REMEMBER TO MAIL IN YOUR BALLOT OR GET TO THE POLLS ON MARCH 26TH!!

Ranked Choice Voting in All Elections

Ranked Choice Voting (RCV) is an important reform, and I will introduce legislation requiring its use in all California elections - State, Local, and Federal.

This isn't a matter of taste. Elections that don't use RCV are easier for interests to game. It butchers democracy; this is a necessary fix.

RCV is used in San Francisco, Berkeley, Oakland, San Leandro, and around the world, both here and abroad (statewide in Maine, too).

This solves many problems both with straight plurality voting that we have in local elections, as well as top two runoffs in state and federal elections. 

For voters, it's very simple. Voters are asked to rank candidates in order of preference. 

For a single-winner election, like this contest for State Senate, these rankings are used to simulate a one-by-one runoff, in a process known as Instant Runoff Voting.
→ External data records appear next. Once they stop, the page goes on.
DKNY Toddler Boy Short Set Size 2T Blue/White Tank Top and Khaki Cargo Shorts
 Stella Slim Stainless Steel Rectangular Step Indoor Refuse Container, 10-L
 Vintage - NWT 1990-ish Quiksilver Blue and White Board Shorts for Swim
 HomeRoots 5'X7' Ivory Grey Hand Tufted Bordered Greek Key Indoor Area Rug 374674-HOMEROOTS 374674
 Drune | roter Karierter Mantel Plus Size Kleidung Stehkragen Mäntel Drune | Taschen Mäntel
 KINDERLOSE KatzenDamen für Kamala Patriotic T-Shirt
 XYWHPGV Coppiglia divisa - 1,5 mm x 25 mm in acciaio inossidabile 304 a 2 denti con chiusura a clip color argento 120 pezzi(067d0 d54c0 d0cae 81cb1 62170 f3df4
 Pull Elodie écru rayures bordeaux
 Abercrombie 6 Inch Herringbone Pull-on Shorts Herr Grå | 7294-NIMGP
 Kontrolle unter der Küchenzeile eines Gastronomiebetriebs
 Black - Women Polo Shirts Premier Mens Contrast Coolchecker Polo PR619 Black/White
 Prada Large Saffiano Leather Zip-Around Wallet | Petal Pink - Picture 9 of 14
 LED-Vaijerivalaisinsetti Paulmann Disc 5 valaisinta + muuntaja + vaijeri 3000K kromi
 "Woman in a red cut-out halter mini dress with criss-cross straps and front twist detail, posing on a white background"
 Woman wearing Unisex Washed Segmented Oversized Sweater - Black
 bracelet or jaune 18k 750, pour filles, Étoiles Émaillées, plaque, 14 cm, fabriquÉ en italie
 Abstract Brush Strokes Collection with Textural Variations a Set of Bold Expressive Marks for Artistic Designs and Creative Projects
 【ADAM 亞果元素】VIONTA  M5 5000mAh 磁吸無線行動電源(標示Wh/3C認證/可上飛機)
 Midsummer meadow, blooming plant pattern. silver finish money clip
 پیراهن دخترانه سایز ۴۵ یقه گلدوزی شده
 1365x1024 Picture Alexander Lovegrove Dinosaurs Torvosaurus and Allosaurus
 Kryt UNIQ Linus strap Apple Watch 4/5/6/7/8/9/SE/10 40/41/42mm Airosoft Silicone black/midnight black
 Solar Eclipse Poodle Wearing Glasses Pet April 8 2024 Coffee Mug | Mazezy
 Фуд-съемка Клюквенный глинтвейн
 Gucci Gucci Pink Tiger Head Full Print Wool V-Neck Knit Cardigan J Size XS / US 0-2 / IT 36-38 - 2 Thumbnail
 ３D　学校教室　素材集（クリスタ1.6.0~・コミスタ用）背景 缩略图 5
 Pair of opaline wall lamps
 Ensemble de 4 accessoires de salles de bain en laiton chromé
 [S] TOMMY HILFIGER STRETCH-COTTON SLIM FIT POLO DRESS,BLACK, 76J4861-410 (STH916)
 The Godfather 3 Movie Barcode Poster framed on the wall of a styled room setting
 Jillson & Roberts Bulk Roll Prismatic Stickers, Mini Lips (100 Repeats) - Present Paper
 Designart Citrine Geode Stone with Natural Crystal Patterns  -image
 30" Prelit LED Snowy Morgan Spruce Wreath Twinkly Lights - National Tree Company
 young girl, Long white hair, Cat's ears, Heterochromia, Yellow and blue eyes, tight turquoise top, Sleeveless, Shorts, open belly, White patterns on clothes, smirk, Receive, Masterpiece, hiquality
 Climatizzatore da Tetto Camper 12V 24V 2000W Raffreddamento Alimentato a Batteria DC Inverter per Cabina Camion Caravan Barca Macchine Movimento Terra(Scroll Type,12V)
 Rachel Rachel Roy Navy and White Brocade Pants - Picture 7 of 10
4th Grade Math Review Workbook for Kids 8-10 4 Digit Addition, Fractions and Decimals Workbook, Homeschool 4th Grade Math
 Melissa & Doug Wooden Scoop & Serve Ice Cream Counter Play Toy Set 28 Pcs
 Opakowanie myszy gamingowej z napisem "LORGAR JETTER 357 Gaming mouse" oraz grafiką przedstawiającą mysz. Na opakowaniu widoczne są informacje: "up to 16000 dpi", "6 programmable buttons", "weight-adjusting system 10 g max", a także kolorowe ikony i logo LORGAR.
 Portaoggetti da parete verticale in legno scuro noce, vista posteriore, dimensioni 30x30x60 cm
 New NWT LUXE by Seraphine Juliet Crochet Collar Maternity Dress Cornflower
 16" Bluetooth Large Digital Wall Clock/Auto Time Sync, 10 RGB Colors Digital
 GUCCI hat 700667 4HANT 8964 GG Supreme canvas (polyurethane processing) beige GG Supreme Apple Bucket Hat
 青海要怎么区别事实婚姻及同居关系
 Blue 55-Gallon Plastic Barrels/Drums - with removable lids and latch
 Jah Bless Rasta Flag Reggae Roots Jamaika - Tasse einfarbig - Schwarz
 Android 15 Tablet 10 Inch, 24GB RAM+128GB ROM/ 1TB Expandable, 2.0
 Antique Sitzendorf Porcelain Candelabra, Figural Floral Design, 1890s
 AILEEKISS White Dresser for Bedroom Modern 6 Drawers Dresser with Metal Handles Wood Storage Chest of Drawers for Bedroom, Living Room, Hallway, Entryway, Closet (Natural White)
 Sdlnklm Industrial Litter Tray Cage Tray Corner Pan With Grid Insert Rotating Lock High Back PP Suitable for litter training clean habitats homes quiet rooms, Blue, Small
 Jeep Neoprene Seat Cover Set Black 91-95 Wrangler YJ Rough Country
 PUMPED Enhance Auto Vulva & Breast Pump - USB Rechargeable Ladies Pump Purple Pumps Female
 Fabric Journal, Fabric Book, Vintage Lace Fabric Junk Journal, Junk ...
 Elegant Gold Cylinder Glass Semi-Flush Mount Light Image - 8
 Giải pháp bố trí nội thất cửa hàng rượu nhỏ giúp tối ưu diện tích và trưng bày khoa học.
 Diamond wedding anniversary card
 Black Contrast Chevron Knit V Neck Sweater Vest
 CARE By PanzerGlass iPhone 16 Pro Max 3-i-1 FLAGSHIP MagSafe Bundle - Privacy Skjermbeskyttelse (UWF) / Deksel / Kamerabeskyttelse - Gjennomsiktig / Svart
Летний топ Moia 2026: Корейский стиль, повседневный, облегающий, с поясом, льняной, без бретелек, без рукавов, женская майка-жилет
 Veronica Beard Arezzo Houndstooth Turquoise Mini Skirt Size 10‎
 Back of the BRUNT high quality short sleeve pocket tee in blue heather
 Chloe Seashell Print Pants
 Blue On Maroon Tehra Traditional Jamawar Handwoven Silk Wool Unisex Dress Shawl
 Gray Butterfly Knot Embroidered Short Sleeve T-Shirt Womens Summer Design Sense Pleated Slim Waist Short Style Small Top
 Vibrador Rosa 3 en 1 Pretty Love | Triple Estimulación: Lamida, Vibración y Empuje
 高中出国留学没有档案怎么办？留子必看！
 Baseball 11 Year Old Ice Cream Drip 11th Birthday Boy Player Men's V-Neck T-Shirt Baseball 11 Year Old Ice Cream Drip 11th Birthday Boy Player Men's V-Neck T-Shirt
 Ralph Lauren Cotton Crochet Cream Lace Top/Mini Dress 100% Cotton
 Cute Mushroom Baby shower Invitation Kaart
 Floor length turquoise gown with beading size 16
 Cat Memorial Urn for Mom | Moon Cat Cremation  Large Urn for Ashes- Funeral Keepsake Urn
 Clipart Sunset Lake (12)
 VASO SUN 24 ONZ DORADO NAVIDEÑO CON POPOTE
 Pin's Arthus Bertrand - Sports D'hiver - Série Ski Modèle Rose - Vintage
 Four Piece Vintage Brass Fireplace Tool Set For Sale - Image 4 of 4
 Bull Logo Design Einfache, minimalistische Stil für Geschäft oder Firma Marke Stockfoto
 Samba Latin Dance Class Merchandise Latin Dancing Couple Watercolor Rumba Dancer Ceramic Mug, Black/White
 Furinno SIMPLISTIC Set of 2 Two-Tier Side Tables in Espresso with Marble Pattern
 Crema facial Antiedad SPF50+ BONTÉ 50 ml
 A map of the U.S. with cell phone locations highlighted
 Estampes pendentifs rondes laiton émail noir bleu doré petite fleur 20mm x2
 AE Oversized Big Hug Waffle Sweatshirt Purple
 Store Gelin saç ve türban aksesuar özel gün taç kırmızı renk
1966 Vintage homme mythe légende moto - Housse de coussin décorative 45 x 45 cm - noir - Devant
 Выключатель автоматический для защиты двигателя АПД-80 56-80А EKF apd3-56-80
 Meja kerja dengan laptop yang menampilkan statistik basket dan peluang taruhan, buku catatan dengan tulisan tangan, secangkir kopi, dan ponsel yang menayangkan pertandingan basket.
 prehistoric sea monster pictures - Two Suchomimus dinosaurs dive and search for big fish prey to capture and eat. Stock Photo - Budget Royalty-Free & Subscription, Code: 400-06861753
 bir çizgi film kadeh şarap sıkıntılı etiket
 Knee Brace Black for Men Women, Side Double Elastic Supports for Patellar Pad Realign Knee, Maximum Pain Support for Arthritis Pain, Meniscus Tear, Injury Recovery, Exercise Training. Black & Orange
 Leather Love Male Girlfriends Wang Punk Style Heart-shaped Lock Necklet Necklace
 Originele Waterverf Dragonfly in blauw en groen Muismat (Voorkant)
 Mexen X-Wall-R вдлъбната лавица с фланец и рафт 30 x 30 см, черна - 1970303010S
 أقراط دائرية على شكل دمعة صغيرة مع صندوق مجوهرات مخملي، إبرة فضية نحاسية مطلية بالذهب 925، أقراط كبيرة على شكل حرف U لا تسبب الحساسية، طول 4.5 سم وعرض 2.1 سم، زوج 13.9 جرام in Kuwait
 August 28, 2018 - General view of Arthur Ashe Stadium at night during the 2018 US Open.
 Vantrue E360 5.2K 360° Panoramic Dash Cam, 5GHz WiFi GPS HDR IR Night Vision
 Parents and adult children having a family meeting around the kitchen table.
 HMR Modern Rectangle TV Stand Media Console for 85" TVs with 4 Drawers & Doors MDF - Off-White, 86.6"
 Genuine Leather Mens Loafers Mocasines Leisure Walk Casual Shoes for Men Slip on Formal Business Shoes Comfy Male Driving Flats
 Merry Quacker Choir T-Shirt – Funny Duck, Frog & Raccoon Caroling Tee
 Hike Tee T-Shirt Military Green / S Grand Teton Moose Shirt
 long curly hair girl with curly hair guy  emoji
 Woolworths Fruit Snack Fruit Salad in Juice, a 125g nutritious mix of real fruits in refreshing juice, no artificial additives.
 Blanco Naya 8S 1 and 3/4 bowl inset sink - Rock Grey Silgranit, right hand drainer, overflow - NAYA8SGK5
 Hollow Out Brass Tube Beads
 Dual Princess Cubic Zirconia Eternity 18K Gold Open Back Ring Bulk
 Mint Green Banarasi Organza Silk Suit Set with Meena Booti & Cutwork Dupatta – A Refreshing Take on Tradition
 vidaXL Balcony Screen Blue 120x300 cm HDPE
First choice votes are counted first. If any candidate is above 50%, they win. Otherwise, the last place candidate is eliminated. Ballots that ranked this candidate first, then have their 2nd choices counted instead. This counting process repeats until one candidate has a majority. As more candidates are eliminated, the ballots who ranked them highest, continue to count for their highest-ranked candidate who hasn't been eliminated. 

 

RCV works for multi-winner elections too. You just keep repeating the single-winner process, with each winner being eliminated.

An obvious benefit of RCV is that you can rank your favorite candidate first and help them gain traction, without worrying that you're wasting your vote, if they are not a front-runner.

How Ranked Choice Voting (RCV) Works

The Problem with Top-Two Runoffs, Plurality, etc

First, it's messy. We can even see in this election where we have 9 Democrats, a Green, and 2 Republicans on the ballot. It probably won't happen here, but in such cases, you can have a heavily-democratic district divide its democratic vote among the large number of democrats, causing 2 Republicans to advance to a top-two runoff. It's happened.

This brings us to the second problem. To avoid the first problem, party machines and insiders are forced to try to keep good candidates out of the race, so their votes don't get spread thin among many candidates. This becomes even more the case in local elections which often don't have top-two primaries.  This is terrible for democracy and political discourse.

Third: Other systems encourage negative campaigning, tribalism, and us-versus-them mentality, while RCV encourages positive campaigning and discourse, because candidates still want the second choice votes of other candidates' supporters.

Fourth: It's really messy. Besides for the first problem, involving multiple parties, it's still messy when there's only one party. Are voters really represented when the biggest factor in elections is who also ran?

Fifth: It's expensive, and keeps most candidates out of the general election, where voters pay the most attention and turnout is highest. With ranked choice voting, you only need one election, not two. 

Sixth: Candidates like Ralph Nader and Jill Stein either have to stay excluded from politics or risk being blamed forever for ruining America.

Seventh: Voters get afraid of wasting their vote, so it's hard for new candidates with new ideas to get started and gain traction, even if they can't win the first time.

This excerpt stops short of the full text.